Isogonally conjugated points

Isogonally conjugate points P and Q

As isogonal conjugate points are called special pairs of points in the plane in which the two points are related to a given triangle in a special relationship.

definition

The definition of isogonally conjugate points with respect to a triangle results from the following theorem:

Let ABC be a triangle and P be a point in the plane that is not on the side or circumference of the triangle.

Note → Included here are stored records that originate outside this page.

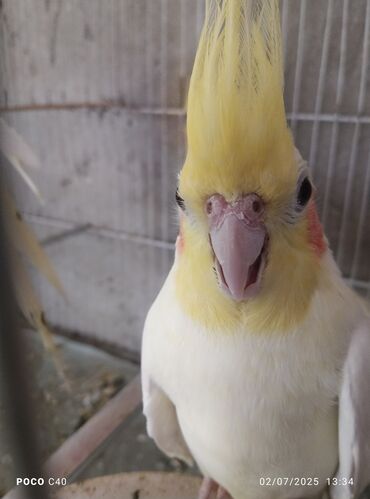 Tutuquşları: Korella Karella tutuqusu papuqay sevgi quşu nerazlucnik valnist 14 — 13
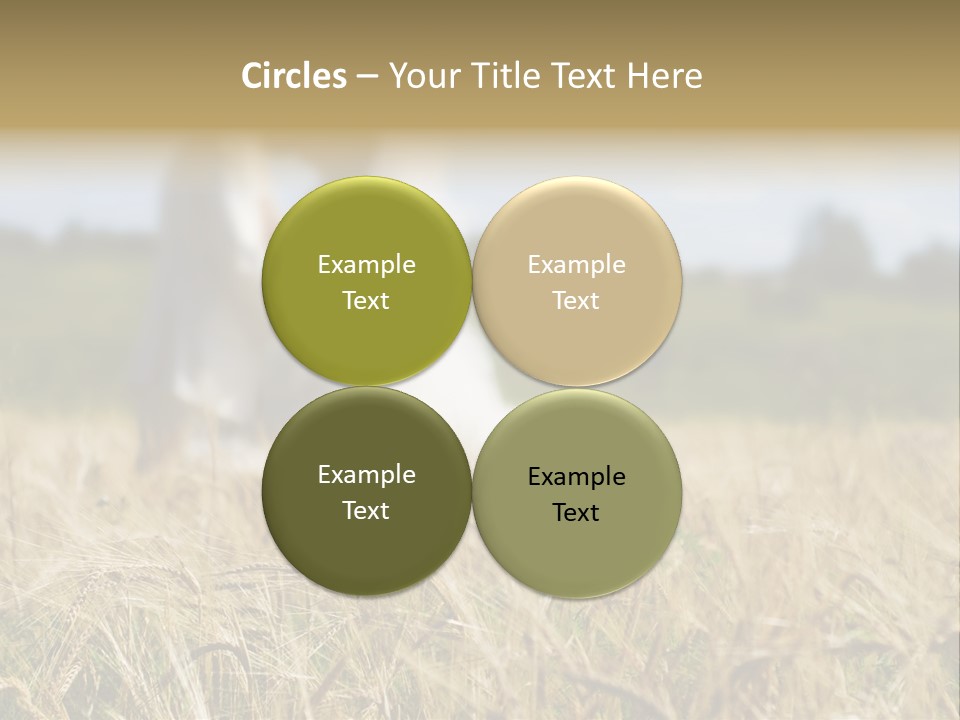 Golden Pet Beach PowerPoint Template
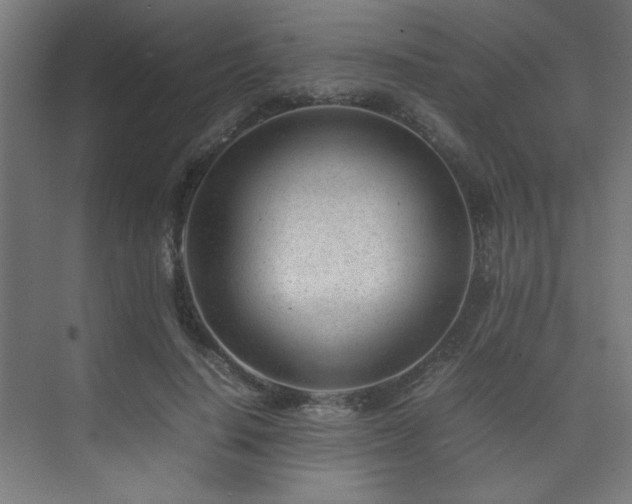 X0000074210644200608251104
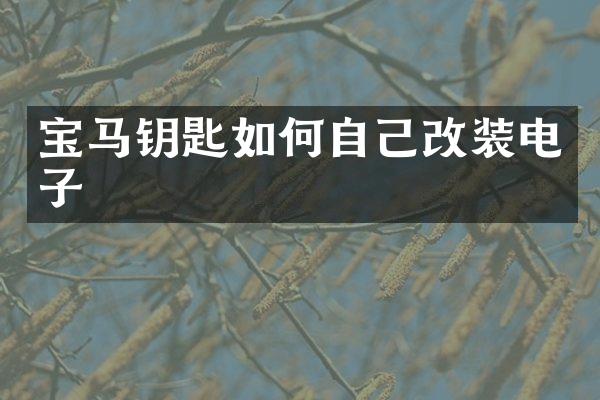 宝马钥匙如何自己改装电子
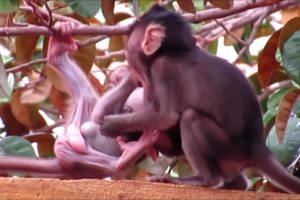 Animals Monkey baby sika and cuteboy playing so happy today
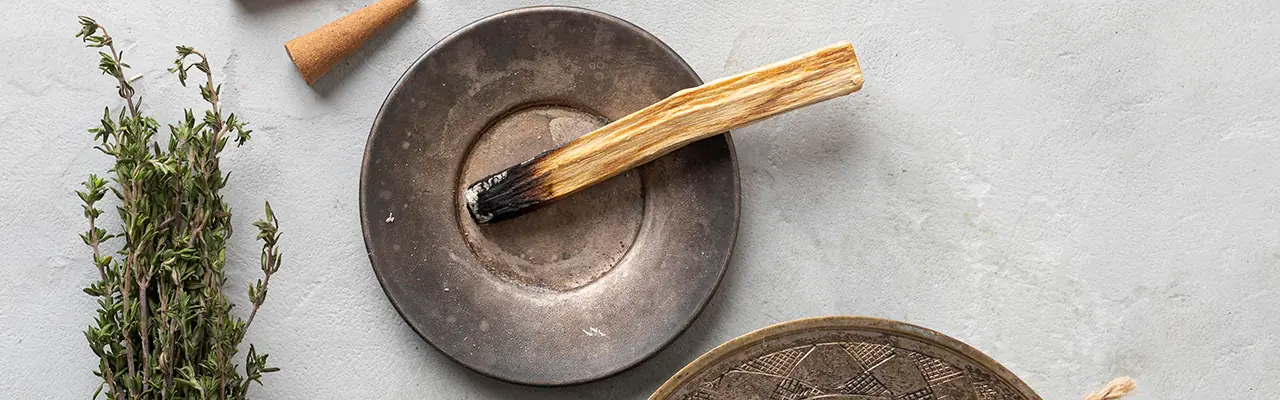 ritual sticks and herbs for burning on plates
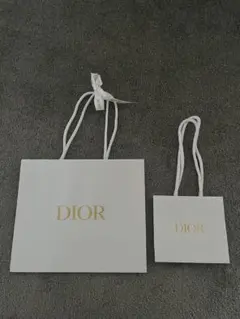 DIOR ショップ袋　2枚組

We mirror the straight lines AP, BP and CP at the bisector of the triangle angles α, β and γ. Then the mirror images intersect at a new point.

This new point is called the point isogonal conjugate to P with respect to the triangle ABC (the clause "with respect to the triangle ABC" is usually left out if there is no risk of confusion, i.e. if only one triangle is involved). If we denote the point isogonally conjugated to P with Q, then the point isogonally conjugated to Q is again the point P. Therefore, the points P and Q can be called points isogonally conjugate to each other .

Equivalent definition

Let P be a point of the triangle ABC that does not lie on its sides or circumference. If P is reflected on the sides BC, AC and AB or their extensions, the three image points P _a , P _b and P _c arise . The circumcenter Q of triangle P _a P _b P _c is then called the point isogonal conjugate to P with respect to triangle ABC .

Extension of the term

The construction of the isogonally conjugate point Q can also be carried out for points P on the sides of the triangle ABC, but not for its corner points. The resulting image points are then always the opposite corners of triangle ABC. This means that the mapping that assigns its isogonally conjugated point to each point is no longer injective and one can no longer speak of two isogonally conjugated points P and Q.

Likewise, one can extend the definition to points on the circumference that are not the corner points if one adds its projective termination to the real plane or works with the projective real plane. If the point P lies on the circumference, the mirrored connecting lines are parallel and therefore have no intersection. Since parallel lines intersect in the projective closure of the real plane, the so-called long - distance line , the isogonally conjugate points of the circumcircle points then lie on this long-distance line.

Examples

There are exactly four points that are isogonally conjugated to themselves with respect to the triangle ABC: the center of the circle and the three centers of the circle .

The circumcenter is isogonally conjugate to the vertical intersection .

The center of gravity is isogonally conjugated to the Lemoine point .

The first and second Brocard points are isogonally conjugated to one another.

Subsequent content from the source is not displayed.